I have a question regarding setting up a local staging environment: for all services based on the wikibase/wdqs container, what does the WIKIBASE_HOST environment variable define? A host that will be contacted for API calls, or a host that defines a base URL for queries and RDF?
The default ‘wikibase.svc’ is changed to ‘somFancyNewLocation.foo’ above. What does that actually do?
At the time this blog post was written (and for the wdqs version it was written for) the WIKIBASE_HOST env var refers to both the concept URI to be expected and also the URL location to fetch RDF from.
In newer versions of WDQS there are a couple of alternate setting that can be passed into scripts to do a variety of different things there.
Great article! I am demoing this process and wonder if its normal that a 3G rdf file would take longer than 4hrs to munge. I haven’t got any output since the script first started.

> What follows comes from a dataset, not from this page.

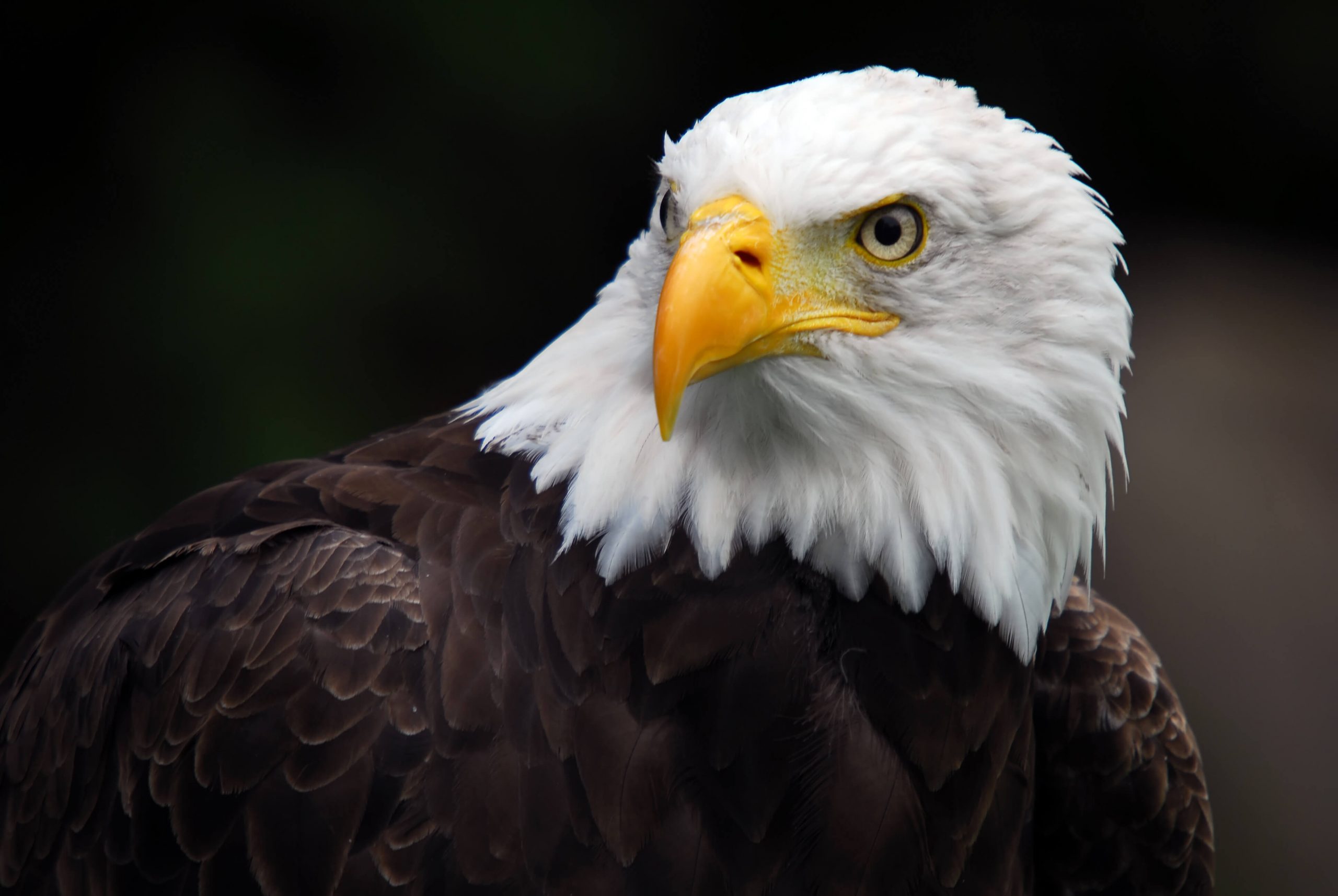 bald eagle head shot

bash-4.4# ./munge.sh -c 50000 -f /data/dump.rdf -d /data/mungeOut
#logback.classic pattern: %d{HH:mm:ss.SSS} [%thread] %-5level %logger{36} – %msg%n
15:55:53.930 [main] INFO org.wikidata.query.rdf.tool.Munge – Switching to /data/mungeOut/wikidump-000000001.ttl.gz
NVM I found my issue. You have to make sure the process can write to directory where you are saving the munged data.
Thank you for this!
Some comments that might be relevant for newer Wikibase installs:
I guess wdqs-new should now be defined now in docker-compose.extra.yml. In general, the wdqs related services need to be added/edited in docker-compose.extra.yml.
For the docker-compose commands that require services in docker-compose.extra.yml, it is necessary to add “docker-compose -f docker-compose.yml -f docker-compose.extra.yml …” in order to indicate the extra compose file and its dependency.
Each time “somFancyNewLocation.foo” is mentioned, another option is to use ${WIKIBASE_HOST} (or create a new temporary variable ${WIKIBASE_NEW_HOST}) and set the variable in .env to the value “somFancyNewLocation.foo” or whatever its replacement should be.
In the command “docker-compose exec wikibase php” the argument “–output /tmp/rdfOutput” should be a file rather than a directory. (My mistake adding a slash “/tmp/rdfOutput/” but it looks like a directory from the example.)
When creating wdqs-updater-new, it might be useful to copy over “restart: unless-stopped” for a more reliable service and rather use “WIKIBASE_HOST=${WIKIBASE_HOST}” defining the variable via .env.
As a last step, values for “wikibase/wdqs:0.3.2” in wdqs(-new) and wdqs-updater(-new) can be replaced by “${WDQS_IMAGE_NAME}” (or a copy) defined via .env.
Thanks for the comment and I hope this helps some of the folks that are using the current wmde provided docker-compose examples for a Wikibase installation.
The instructions that I wrote were for a more generic docker-compose setup that doesn’t necessarily line up with any of the wmde provided examples.